The Copenhagen accord, for a pittance of only $100 billion a year, ensures a transition from Black Gold to Green Gold.This transition can take a decade, and much more. But is a decade enough for Americans to transition from militarily dominating the world, to working hard to export useful goods and services? First of all, the common Americans need to be aware that their dream paradise Empire is now gone. They can no longer enjoy the fruits of foreign labor in indolent retail malls, doing little else. Why does Obama talk about American kids competing with Indian and Chinese kids for jobs in future? It’s not because they’re going to lift the visa restrictions, or because of the possibility of more and more offshoring. It’s because the country is bankrupt, and it has nothing with which to pay for imports anymore. And to pay the foreigners back for money already borrowed, American kids will need to labor hard and sell their goods and services competitively to the rest of the world. Let’s hope that the American business schools continue to preach that the customer is the king. Then in future Indians and Chinese will be the kings.
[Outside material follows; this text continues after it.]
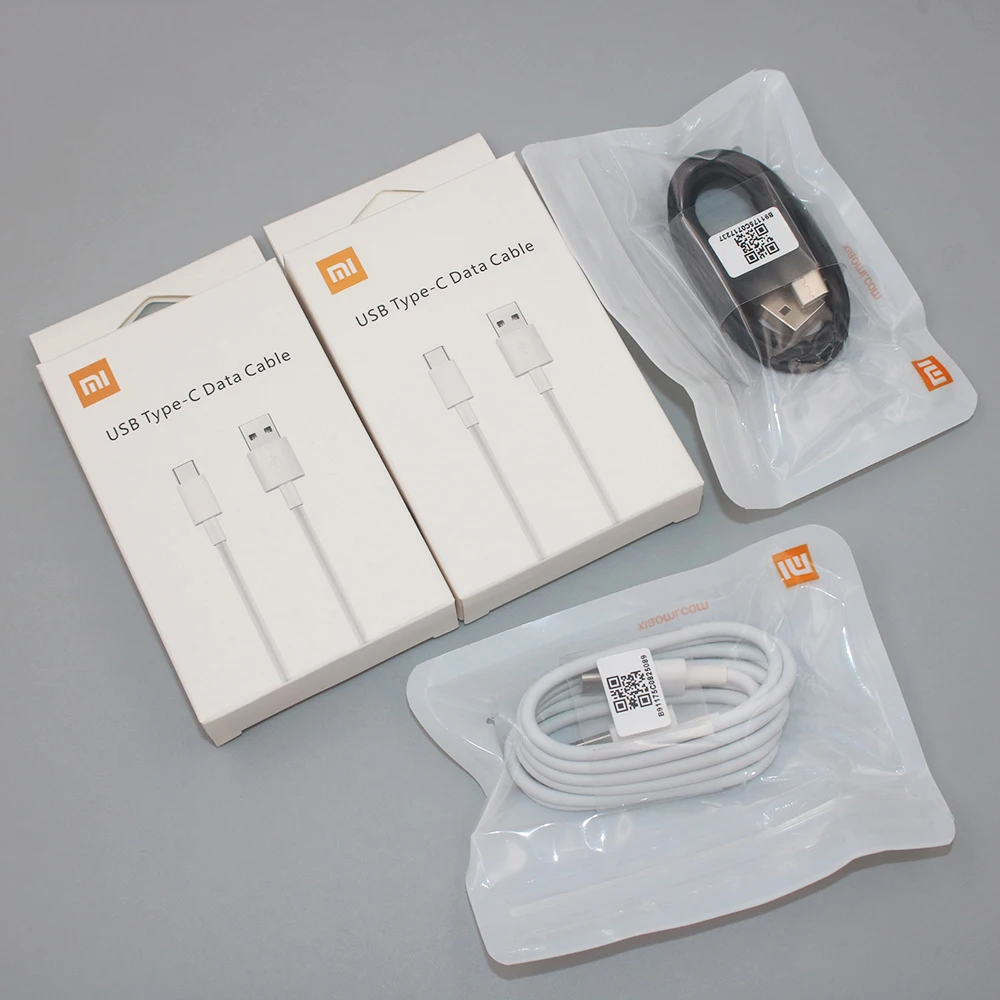 Oringial USB Type C кабель 18 Вт 27 Быстрая зарядка для Xiaomi Mi 9 8 Se CC9 6X 7plus Redmi 10 Note 7 k20 K30 POCO F1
And Americans will be found standing in line to get a ration card in Indian cities, because India will be a far more advanced place to work in future.
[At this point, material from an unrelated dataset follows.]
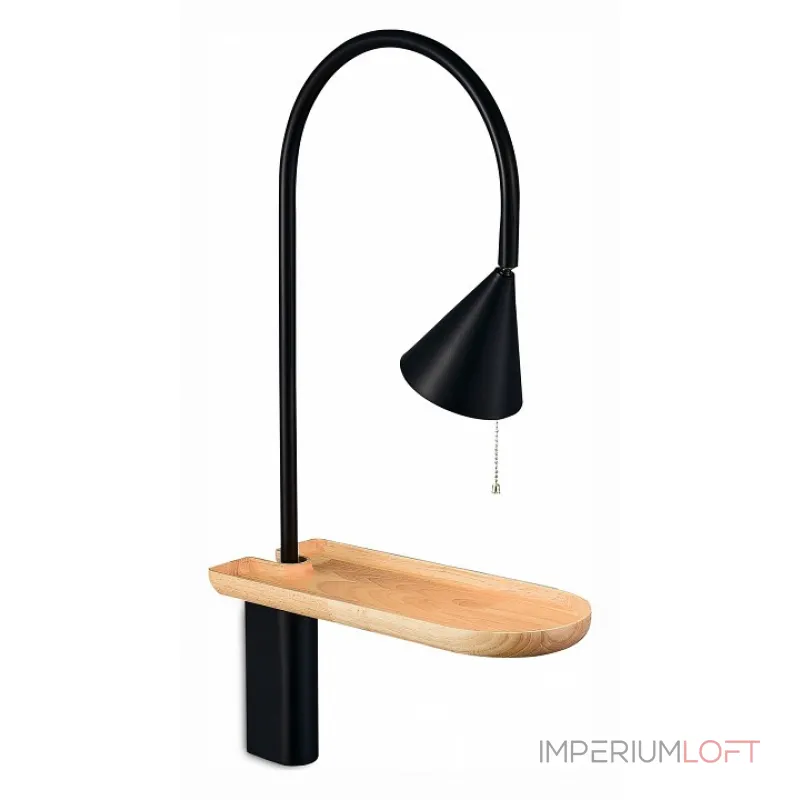 Бра с полкой ST-Luce Amiro SL1802.401.01 от ImperiumLoft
FM reply: This is false in almost every respect. First, we have 60 years of history proving that nations at the UN make bold promises — to improve the rights of women, to free press, to end war — that they have no intention of keeping. Second, the actual documents show your assertions to be grossly exaggerated.
You said “India made a politically binding commitment to reduce emissions by 20-25% from 2005 levels by 2020”. In fact India’s response to the Copenhagen Accord says: “India will endeavour to reducee the emissions1 intensity of its GOP by 20-25% by 2020 in comparison to the 2005 level. Please note that the proposed domestic actions are voluntary in nature and will not have legally binding character.” I don’t know what “politically binding means”, but this isn’t it.
Ditto for your assertion that “China has committed to a 40-45% reduction”. China’s response to the Copenhagen Accord says: “China will endeavor to lower its carbon dioxide emissions per unit of GDP by 40-45% by 2020 compared to the 2005 level, increase the share of non-fossil fuels in primary energy consumption to around 15% by 2020 and increase forest coverage by 40 million hectares and forest stock volume by 1.3 billion cubic meters by 2020 from the 2005 levels. Please note that the above-mentioned autonomous domestic mitigation actions are voluntary in nature…”
“The Copenhagen accord, for a pittance of only $100 billion a year, ensures a transition from Black Gold to Green Gold”
Do you have any evidence for this assertion? I very much doubt it.
As for your assertions about America, they’re just wild guesses. Not worthy of reply.
“Does it really matter whether AGW is real or not?”
Absolutely. Especially if more evidence continues to build showing that the contribution of greenhouse gases from human activities only comprises a fraction of the Earth’s total compared to natural processes.
Does it matter that the IPCC has mislead the public and policy makers with unsubstantiated claims and erroneous results in portions of the report?
Do you care how your tax money is spent? I sure do.